Déposée par le conseiller national Levrat, l'initiative parlementaire 04.429 vise à ce que le Parlement se saisisse du projet de loi fédérale sur les langues nationales et la compréhension entre les communautés linguistiques, qui avait été rejeté par le Conseil fédéral en avril 2004. Cet objectif est désormais largement partagé par les deux commissions compétentes. Les auditions du mois de juin ont permis à la CSEC-N d'entamer les travaux sur de bonnes bases.

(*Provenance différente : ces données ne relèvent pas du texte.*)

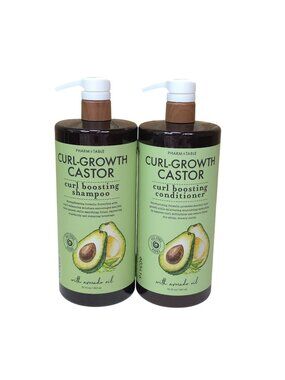 Pharm Table Curl-Growth Castor Curl Boosting Shampoo & Conditioner Avocado Oil
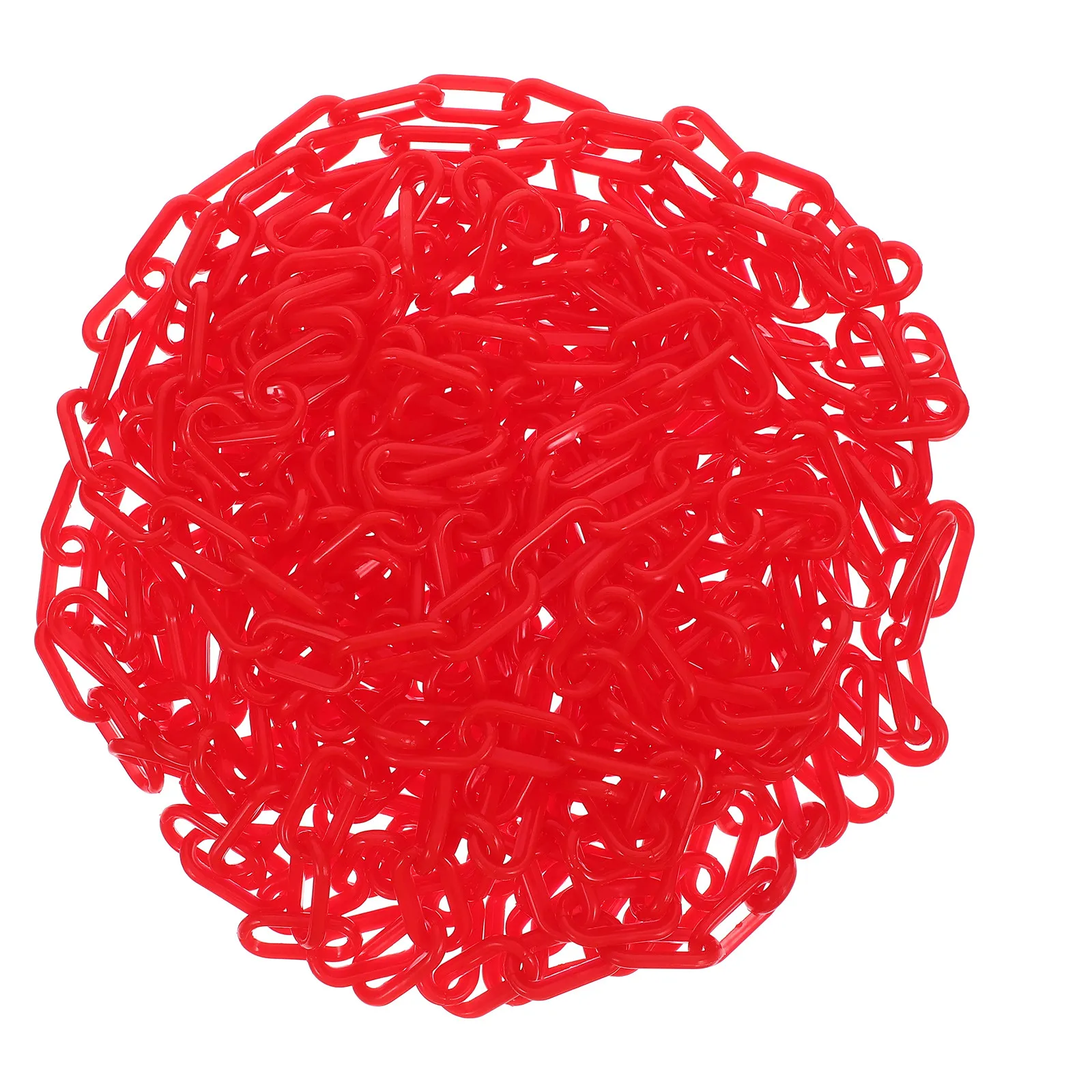 Crowd Control 10m Safety Chain Durable Plastic Barrier Caution Security Chain Detachable for Crowd and Parking Control
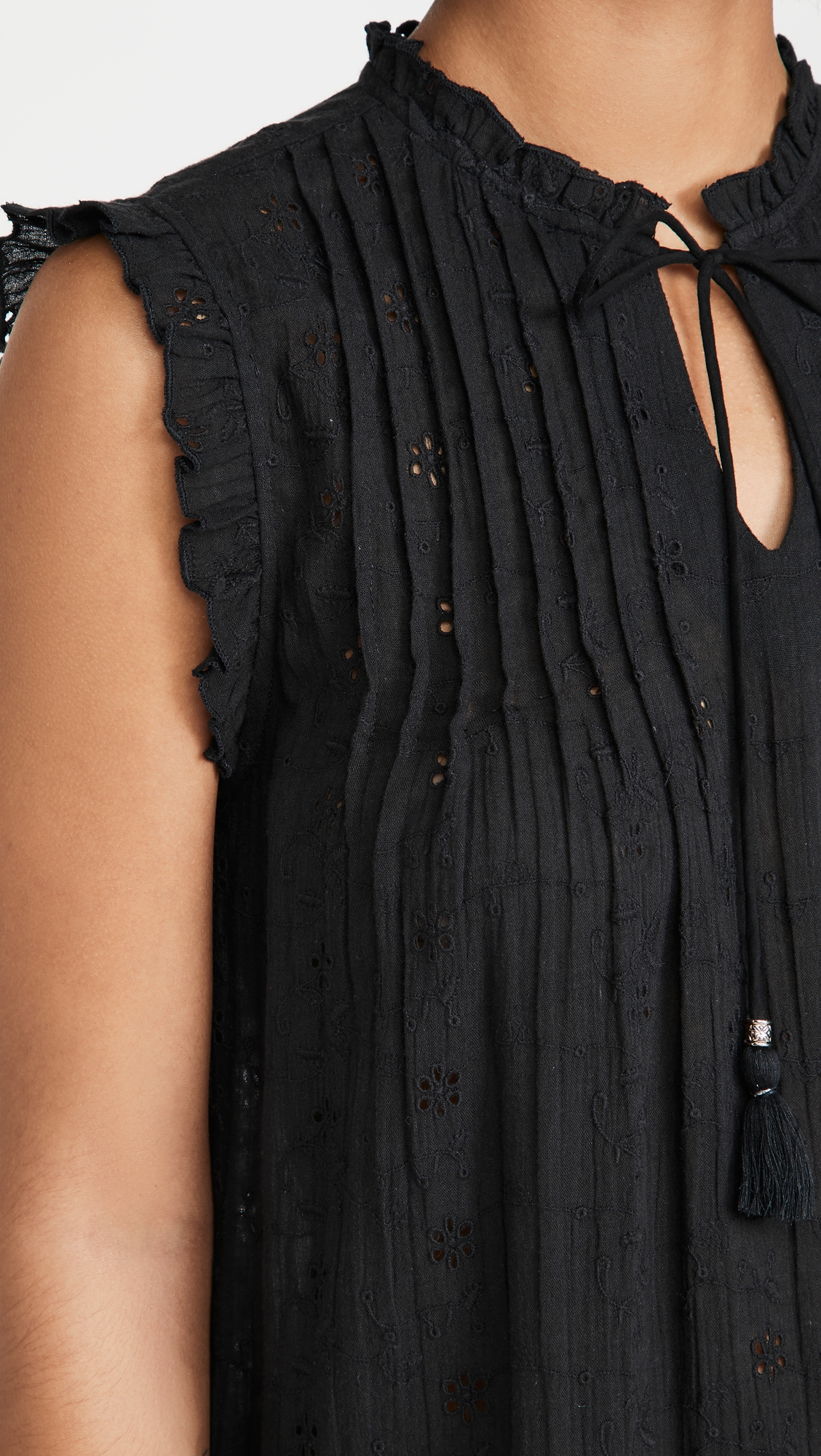 Eyelet Dress Black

Si personne ne songe à remettre en question la diversité linguistique et culturelle de la Suisse, la question de l'importance et de la nécessité d'une loi sur les langues a néanmoins suscité un nouveau débat, opposant, d'un côté, les partisans d'un texte qui aurait valeur d'exemple sur le plan de la politique des langues, et de l'autre, ceux qui préfèrent mettre l'accent sur les aspects financiers d'un tel projet. Par 16 voix contre 2, et 3 abstentions, la commission a rejeté une proposition destinée à faire invalider par le Conseil national le mandat visant à l'élaboration de cette loi. La commission s'est par ailleurs engagée en faveur du romanche : en effet, il a été décidé à l'unanimité que « les députés s'expriment dans la langue nationale de leur choix », et non, contrairement à ce qui était prévu, « dans la langue officielle de leur choix ». Par contre, une proposition visant à ce que tous les documents des conseils et des commissions doivent être disponibles en allemand, en français et en italien, non plus seulement en « règle générale » mais de manière systématique, a été rejetée, la commission estimant que cette proposition serait non seulement très coûteuse, mais aussi très difficile à mettre en oeuvre. Enfin, l'article sur l'enseignement a été complété par un alinéa précisant que la Confédération et les cantons s'engagent conjointement à ce que la première langue étrangère enseignée soit une langue nationale. La commission accorde une grande importance politique à cet objectif, qui a été approuvé par 17 voix contre 3, et 1 abstention, et qui constitue en outre une étape sur la voie des mesures qui permettront d'atteindre l'objectif visé par l'initiative parlementaire Berberat. « Enseignement des langues officielles de la Confédération » (00.425). S'agissant de cette dernière, la commission a décidé de demander une prolongation du délai jusqu'au vote de la loi sur les langues, afin de pouvoir la traiter dans le cadre de cette dernière.
La commission poursuivra ses travaux concernant la loi sur les langues au mois de novembre.
Réunie le 8 septembre à Berne, la commission a siégé sous la présidence du conseiller national Theophil Pfister (UDC/SG).